神化
蠅が蜜に落ちる。
体のどこもかしこも、
部位の別なく
蜜に絡めとられて動かなくなる。
「イスティグラーク」、
すなわち
忘我の境地というのは、
このような状態を指す。
自意識を消滅せしめ主導権の全てを放棄した者。
その者より生じるいかなるものも、全てその原因はその者には属さない。
水に溺れてもがいている者、あがいている者、「溺れてしまう、沈んでしまう」と助けを求めて叫ぶ者、そうした者は未だ「イスティグラーク」に至ってはいない。
『アナー・アル・ハック』
すなわち「われは真理(神)なり」という言は、
この境地を象徴するのにまさしく的を得ている。
人びとは考える。何という暴言、何という傲慢、と。
人びとは考える。
『アナー・アル・アブド』、すなわち「われは神のしもべなり」、という言こそ真の謙譲を表わすのにふさわしい、と。
断じて違う。
『アナー・アル・ハック』
「われは真理なり(神なり)」こそが、真の謙譲を表わす言である。
『アナー・アル・アブド』
「われは神のしもべなり」と言うとき、その者は未だふたつ以上の存在を認めているのである。しもべ、などと上辺では卑しみつつも、しもべたる自己と神とが同等に存在する、と主張しているのである。自己などというものを、未だ捨て切れずにいるのである。
『アナー・アル・ハック』
「われは真理なり(神なり)」と言うとき、その者は自己を消滅し尽くしている。
そのとき、そこに自己などというものは存在しない。
ただ神のみが存在する。
これこそが真の謙譲、最大の奉仕である。
ルーミー詩撰より
あなたは翼を持っている。それを使うことを学び、そして、飛び立ちなさい。
ルーミー
私は空を飛びたかった
ある晩、礼拝が終わり、夜間に定められたコーランの朗誦を終えたのち、私は瞑想にふけっていた。
恍惚におちいったとき、私は次のようなヴィジョンを得た。そびえ立つハーンカーがあった。それは開いており、私はハーンカーの中にいた。

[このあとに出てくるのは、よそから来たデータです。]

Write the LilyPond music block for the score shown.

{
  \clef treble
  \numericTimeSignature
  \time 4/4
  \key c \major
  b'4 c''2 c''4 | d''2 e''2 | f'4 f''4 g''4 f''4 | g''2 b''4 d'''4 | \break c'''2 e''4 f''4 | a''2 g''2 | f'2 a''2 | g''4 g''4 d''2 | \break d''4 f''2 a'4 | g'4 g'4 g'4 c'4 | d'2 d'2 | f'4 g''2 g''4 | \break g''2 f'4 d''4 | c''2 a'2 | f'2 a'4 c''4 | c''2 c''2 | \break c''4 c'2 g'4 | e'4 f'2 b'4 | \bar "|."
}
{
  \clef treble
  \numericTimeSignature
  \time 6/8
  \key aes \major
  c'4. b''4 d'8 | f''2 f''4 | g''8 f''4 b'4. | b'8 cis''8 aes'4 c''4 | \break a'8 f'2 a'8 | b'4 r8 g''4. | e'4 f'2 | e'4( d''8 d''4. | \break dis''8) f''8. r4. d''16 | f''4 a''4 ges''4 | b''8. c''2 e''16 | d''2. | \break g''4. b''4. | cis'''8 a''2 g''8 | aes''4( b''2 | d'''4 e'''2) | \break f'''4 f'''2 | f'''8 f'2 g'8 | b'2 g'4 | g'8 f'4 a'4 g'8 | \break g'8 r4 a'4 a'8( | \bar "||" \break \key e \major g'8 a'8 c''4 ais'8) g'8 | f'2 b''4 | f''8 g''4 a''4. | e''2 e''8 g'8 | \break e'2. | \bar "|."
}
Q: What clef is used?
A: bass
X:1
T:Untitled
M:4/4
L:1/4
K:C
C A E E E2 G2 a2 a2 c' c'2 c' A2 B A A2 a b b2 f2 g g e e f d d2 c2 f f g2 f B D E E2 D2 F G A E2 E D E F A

突然私は自分がハーンカーの外にいるのがわかった。宇宙全体がそのあるがままの姿において光からできているのが、私にはわかった。あらゆるものは一色になった。そして全存在物の微粒子は、おのおのの存在に特有の方法で、おのおのに特有の力強さで「アナー・アルハック」(我は真理−神−なり)と宣言した。私は、彼らがいかなる存在によってこのような宣言をさせられたのか、理解できなかった。
このようなヴィジョンを得たのち、陶酔、法悦、強い願望、異常な愉悦感が私を襲った。
私は空に飛び立ちたかった。しかし、何か樹に似たようなものが私の足もとにあり、そのために私は飛び立つことができないのだとわかった。
私は、むやみやたらに地面をけとばしたので、ついに樹を払いのけることができた。
弓から射られた矢のように、いや、それよりも百倍も強く、私は立ち上がり、遠くへ飛んで行った。
第一天に着いたとき、月が二つに裂けるのがわかった。わたしは月を通り抜けた。この「不在」の状態から戻ったとき、私は再び「現存」の状態にいることを知った。